Les nouveaux députés se sont retrouvés face aux mêmes membres du gouvernement
L’ouverture de la session d’automne du Parlement, qui marque la rentrée politique, n’a pas été à la hauteur de l’événement.
C’est dans un climat aussi délétère que celui qui marque la vie politique nationale, que s’est ouverte, hier, la session d’automne du Parlement. Les nouveaux députés se sont retrouvés face aux mêmes membres du gouvernement, dont les plus importants ont brillé par leur silence et refus de s’exprimer sur les nombreux sujets brûlants de l’actualité. L’affaire des otages algériens au Mali, la révision de la Constitution, le changement du gouvernement…, etc autant de dossiers sur lesquels le Premier ministre et le ministre des Affaires étrangères n’ont voulu souffler mot. En somme, le pays est bloqué et le gouvernement reste muet. La conjoncture actuelle aurait pourtant voulu une communication sereine et des positions fermes des autorités algériennes. Mais au lieu de cela, l’opinion a droit à une fuite en avant du gouvernement qui ne dit pas son nom.
Cette fuite en avant du gouvernement, dont les membres donnent l’impression de naviguer à vue, ajoutée au maintien du statu-quo sont intenables.
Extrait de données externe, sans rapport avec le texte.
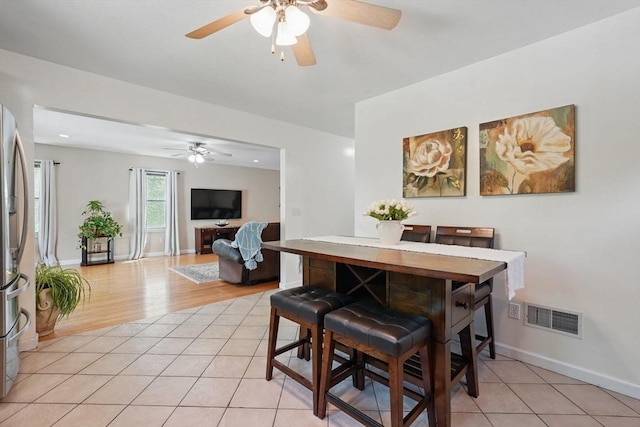 3 Birch Ave, East Longmeadow, MA 01028 - dining room featuring a ceiling fan, light tile patterned floors, and baseboards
A la veille de la rentrée sociale, le gouvernement fonctionne avec sept ministres intérimaires. Il serait pour le moins problématique pour le département de l’enseignement supérieur d’entamer la rentrée universitaire avec un premier responsable par «intérim».
Idem pour le secteur de la justice, impliqué malgré lui dans les élections et qui doit se préparer aux locales du 29 novembre prochain. L’opinion publique et les observateurs qui attendent depuis le 10 mai dernier la composition d’un nouveau gouvernement doivent encore attendre, la gestion des affaires de ce pays étant devenue une affaire de «complaisance». Rien pourtant, ne justifie cette fuite en avant qui ne dit pas son nom. Jusqu’à quand les Algériens doivent supporter cette situation? N’ont-ils pas le droit d’être informés et accessoirement rassurés par leurs responsables?
Dans son allocution d’ouverture, le président de l’APN, Larbi Ould Khelifa, n’a voulu accuser aucune partie en affirmant que le rythme de la rentrée sociale et de la reprise des activités dans différents secteurs «était à son plus bas niveau». «D’aucuns, au sein de la classe politique et de l’opinion publique, pensent que la faiblesse ayant caractérisé le rythme de l’action institutionnelle et des différents secteurs d’activité connexes a entraîné la généralisation du laisser-aller dans le service public, la faiblesse du contrôle, tout en comptant sur le partage de la rente et en revendiquant la plus grande part de celle-ci sans effort ni mérite», a-t-il souligné.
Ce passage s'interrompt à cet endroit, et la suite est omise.